Magic, yes. Boys chattering behind the supply sled that Max pulled, and pup and I walking ahead and announcing dead-fall crossings. Ever heard the music of trees swaying in a gentle breeze? It’s yet another kind of mystery that the forest envelops you with.
There are tracks of bunnies and squirrels and mice too, the tiniest of all, and my camera is asleep due to cold temperatures so we only stare at them and imagine the stories that go with each, grateful for yesterday’s glimpses that got photographed. This is what I always wish for. Time to be. Present so we can see each other…
We are in the heart of the snowy woods, no notifications on any devices, just furtive glances that speak of winter-kissed red cheeks, simple joy, togetherness and being able to steal some time together, away from a fast-moving world that often makes us feel we have long misplaced the brakes of it. Hence the speed and craziness. Hence the need to trek away from it at times.
We reach the half point; there’s some sighs, tiredness, and laughter at the pup’s antics. She buries her face in the snow, swims, and crawls through the white thick waves of brightness, checks in with us and dives in yet another pile that might or might not contain a mouse somewhere at the bottom. Worth a shot.
We reach the second lake and follow thick translucent snowmobile tracks. They had churned the slushy overflow on the lake and now it’s all frozen, thick tracks and small bumps of ice as if the whole lake was churning and a big freeze came and put an end to all that movement. It’s quiet and sunny and the pup follows the scent of coyotes. This way and that, she smells the snow, the air, she sniffs at sunshine that carries smells though to us it’s but a storm of bright air that moves cold and swift over our faces. So much sunshine.

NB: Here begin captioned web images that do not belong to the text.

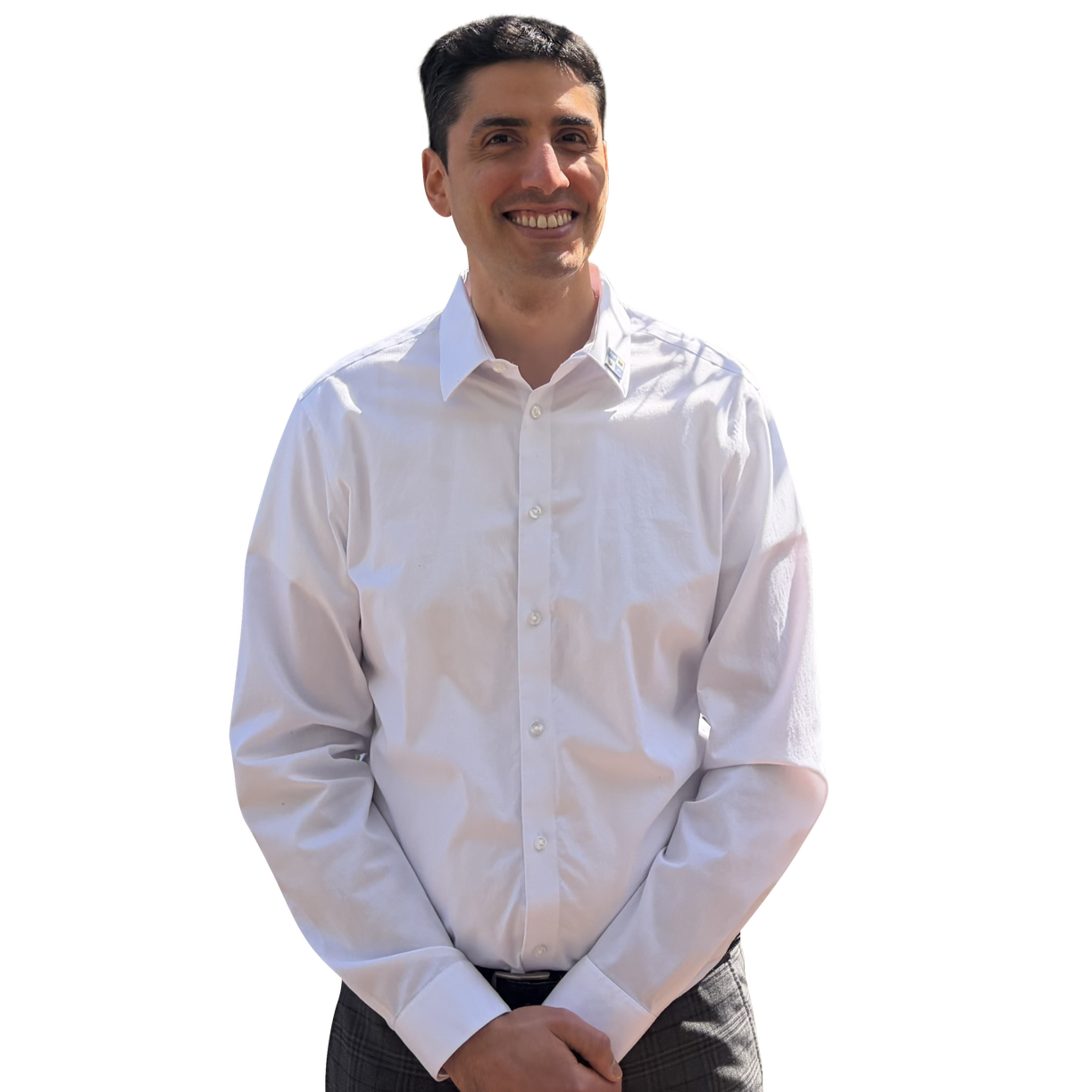 Smiling man in a white dress shirt with a collar and plaid pants, standing outdoors with a confident posture.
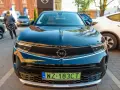 Czarny Opel z zieloną tablicą rejestracyjną WZ 183CT na tle innych samochodów.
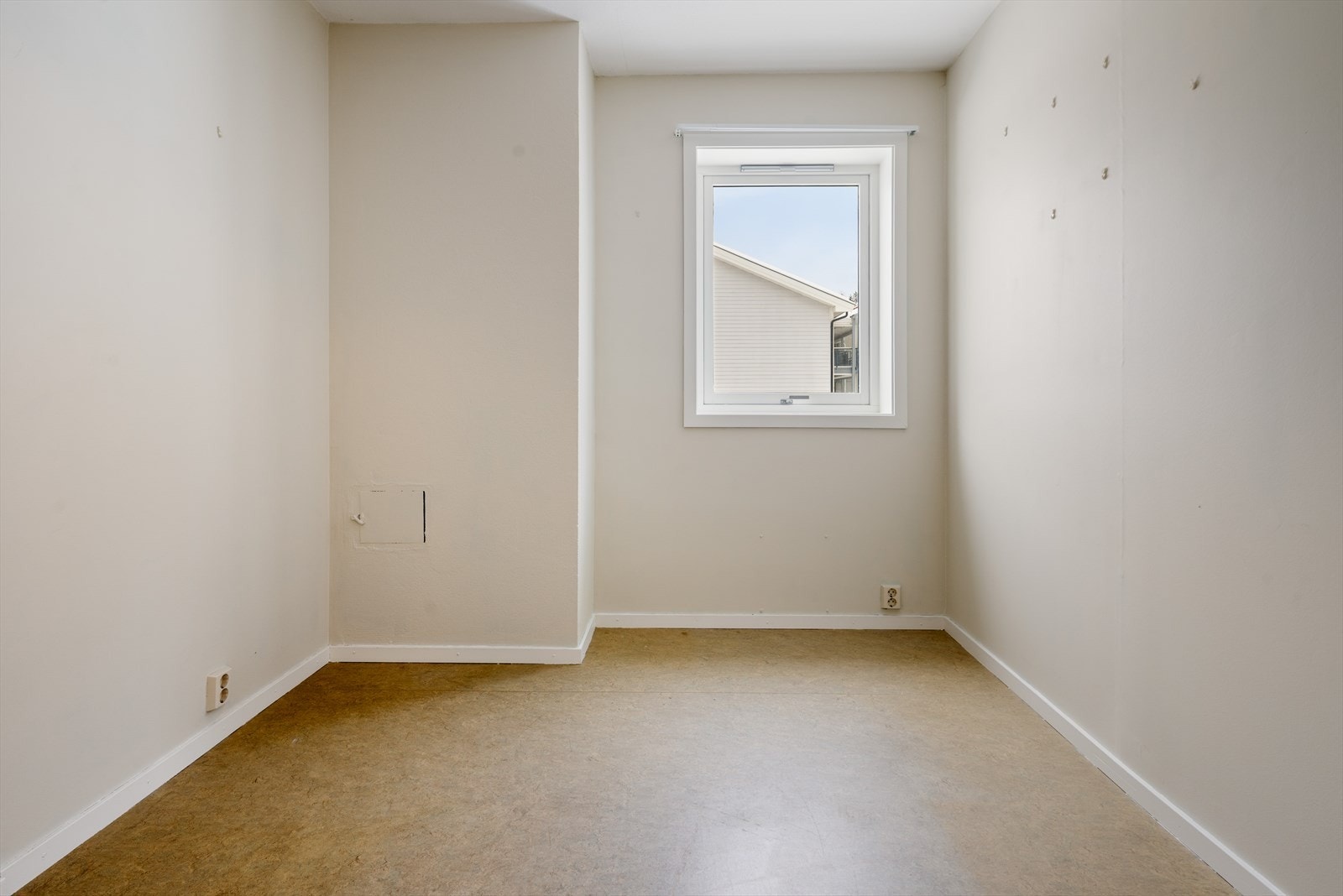 Rommet har malte vegger og belegg på gulvet, med vindu som gir naturlig lys. Galleribilde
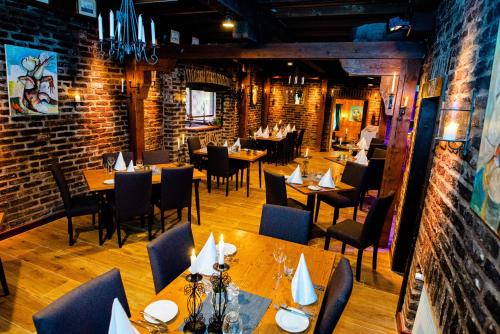巴特明斯特艾弗尔兰德嘎斯豪斯斯坦恩穆尔酒店的餐厅设有木桌、椅子和砖墙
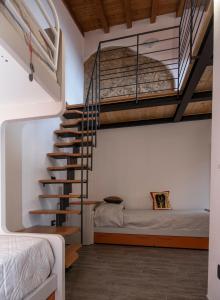 a bedroom with a staircase and a bed in a room at Agriturismo De Ferrari in Onzo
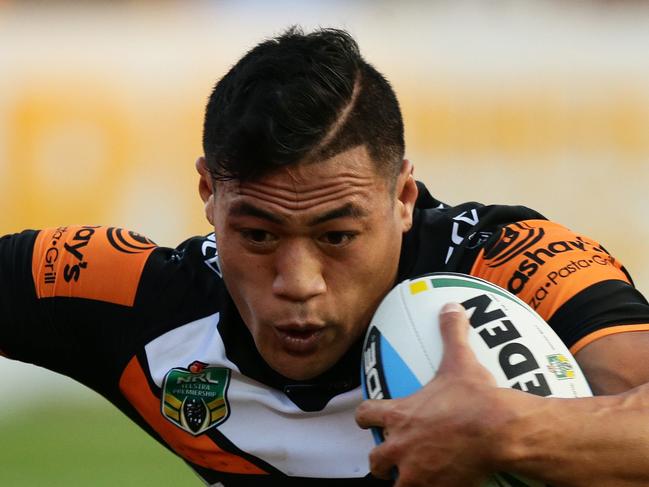 Tigers Tim Simona is tackled during the Wests Tigers v Penrith rugby league game at Leichhardt Oval, Sydney. Pic Brett Costello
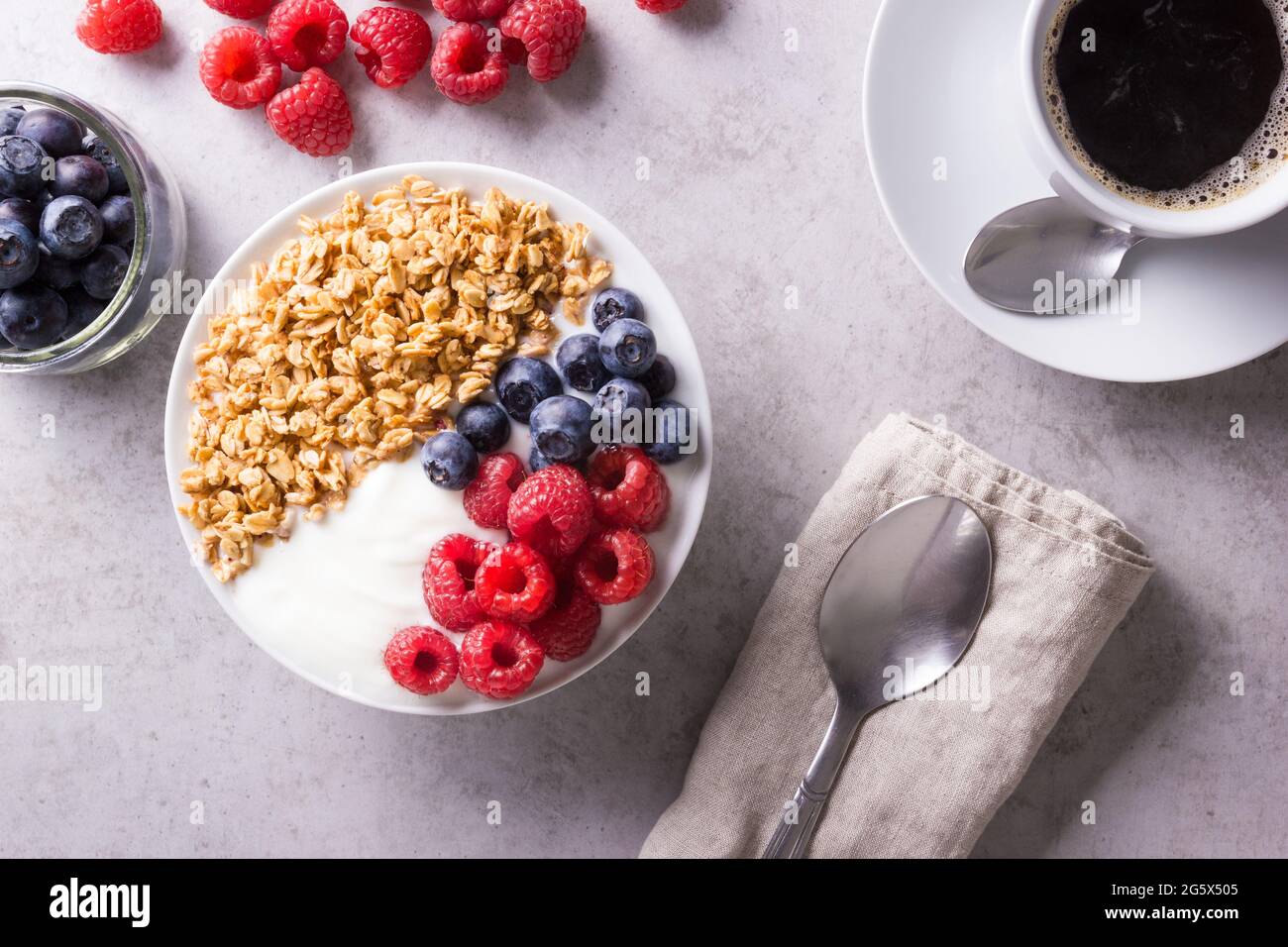 Breakfast consisting of plain yogurt garnished with berries and granola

Reeds are frozen from the waist up and we wind our way through, around an island that sits just as frozen. The wind stops pinching our cheeks. Boys and pup tussle in the snow, small hands turn red and itchy and the trek has to end soon or else. It’s been a long morning of many steps through snowy woods where traps of dead-fall lay shamelessly thick and cumbersome at times.
We woke up early because early morning often turns drafty and cold in old cabins, when the fire decides to snooze some too.
The boys were snuggled up in the loft for half the night. Then the air got too hot. Nighttime crawling with sleeping bags is but part of it all. They snuggled with us and pup, close to the stove; there were whispers and shushing and pup barking at times because the woods are never silent at night and she knows that better than us.
We had played games before bedtime and candlelight was sweetly enveloping us with soft light but it was hard to see the pieces and writing on cards. So we turned to stories; some were spooky, some had tiny pups and adventures in them, some had rhymes and laughter and continued all the way until we all stepped outside, pup too, and stared at a sky that had stars exploded all over it. Every time we find ourselves under the night sky where numbers lose their meaning, we’re in awe and silent, aware of the privilege of seeing it all and together. The moon was a bright crescent, a scythe that harvests heaps of magic for us to hold in thick, heart-filling bouquets. Forever may exist after all.
We put out the candles when words turned lazy and slow. The fire was still on in the stove and we curled up with sweaters and jackets for pillows, and the pup allowed to nestle next to us. Loaded with hugs and giggled, the boys crawled up into the loft, and their whispers became soft breathing and neither of us could tell who said what last because somehow all became quiet until the pup stirred and growled softly, which was in the middle of the night when all is but shadows and whispers of dreams. We were safe, we always are. Togetherness has something to do with it.